Short text fragments from websites
● ● ●

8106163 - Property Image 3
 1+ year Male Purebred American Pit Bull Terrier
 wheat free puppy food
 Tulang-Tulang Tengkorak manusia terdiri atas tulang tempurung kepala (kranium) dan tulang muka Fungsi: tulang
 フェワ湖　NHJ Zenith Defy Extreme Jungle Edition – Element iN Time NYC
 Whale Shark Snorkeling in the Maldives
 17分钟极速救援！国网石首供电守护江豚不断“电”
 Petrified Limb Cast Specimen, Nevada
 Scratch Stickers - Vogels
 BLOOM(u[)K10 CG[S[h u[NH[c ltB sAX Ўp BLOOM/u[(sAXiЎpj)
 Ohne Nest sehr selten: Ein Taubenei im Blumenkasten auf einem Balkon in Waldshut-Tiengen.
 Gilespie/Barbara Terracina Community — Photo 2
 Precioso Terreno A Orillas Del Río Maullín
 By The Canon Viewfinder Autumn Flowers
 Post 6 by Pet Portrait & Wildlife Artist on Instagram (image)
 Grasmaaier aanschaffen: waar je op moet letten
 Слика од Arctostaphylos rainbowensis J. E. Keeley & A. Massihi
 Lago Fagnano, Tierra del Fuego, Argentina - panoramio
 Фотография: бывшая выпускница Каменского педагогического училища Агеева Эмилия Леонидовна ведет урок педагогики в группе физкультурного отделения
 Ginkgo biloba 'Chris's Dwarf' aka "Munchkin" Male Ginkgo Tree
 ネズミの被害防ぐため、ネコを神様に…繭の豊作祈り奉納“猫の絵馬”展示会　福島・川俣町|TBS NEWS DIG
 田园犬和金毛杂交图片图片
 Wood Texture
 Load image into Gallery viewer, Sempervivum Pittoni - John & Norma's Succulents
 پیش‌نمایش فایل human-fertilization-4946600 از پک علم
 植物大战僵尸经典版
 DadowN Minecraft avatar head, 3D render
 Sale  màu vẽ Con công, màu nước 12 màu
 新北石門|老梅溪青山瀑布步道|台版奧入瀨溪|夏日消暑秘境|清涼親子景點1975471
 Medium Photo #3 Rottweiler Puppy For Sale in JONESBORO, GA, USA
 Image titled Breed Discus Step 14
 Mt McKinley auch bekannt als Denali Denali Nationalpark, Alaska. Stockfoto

● ● ●

What is expected. The records above must be repeated exactly, every one of them.

Written solution.
8106163 - Property Image 3
 1+ year Male Purebred American Pit Bull Terrier
 wheat free puppy food
 Tulang-Tulang Tengkorak manusia terdiri atas tulang tempurung kepala (kranium) dan tulang muka Fungsi: tulang
 フェワ湖　NHJ Zenith Defy Extreme Jungle Edition – Element iN Time NYC
 Whale Shark Snorkeling in the Maldives
 17分钟极速救援！国网石首供电守护江豚不断“电”
 Petrified Limb Cast Specimen, Nevada
 Scratch Stickers - Vogels
 BLOOM(u[)K10 CG[S[h u[NH[c ltB sAX Ўp BLOOM/u[(sAXiЎpj)
 Ohne Nest sehr selten: Ein Taubenei im Blumenkasten auf einem Balkon in Waldshut-Tiengen.
 Gilespie/Barbara Terracina Community — Photo 2
 Precioso Terreno A Orillas Del Río Maullín
 By The Canon Viewfinder Autumn Flowers
 Post 6 by Pet Portrait & Wildlife Artist on Instagram (image)
 Grasmaaier aanschaffen: waar je op moet letten
 Слика од Arctostaphylos rainbowensis J. E. Keeley & A. Massihi
 Lago Fagnano, Tierra del Fuego, Argentina - panoramio
 Фотография: бывшая выпускница Каменского педагогического училища Агеева Эмилия Леонидовна ведет урок педагогики в группе физкультурного отделения
 Ginkgo biloba 'Chris's Dwarf' aka "Munchkin" Male Ginkgo Tree
 ネズミの被害防ぐため、ネコを神様に…繭の豊作祈り奉納“猫の絵馬”展示会　福島・川俣町|TBS NEWS DIG
 田园犬和金毛杂交图片图片
 Wood Texture
 Load image into Gallery viewer, Sempervivum Pittoni - John & Norma's Succulents
 پیش‌نمایش فایل human-fertilization-4946600 از پک علم
 植物大战僵尸经典版
 DadowN Minecraft avatar head, 3D render
 Sale  màu vẽ Con công, màu nước 12 màu
 新北石門|老梅溪青山瀑布步道|台版奧入瀨溪|夏日消暑秘境|清涼親子景點1975471
 Medium Photo #3 Rottweiler Puppy For Sale in JONESBORO, GA, USA
 Image titled Breed Discus Step 14
 Mt McKinley auch bekannt als Denali Denali Nationalpark, Alaska. Stockfoto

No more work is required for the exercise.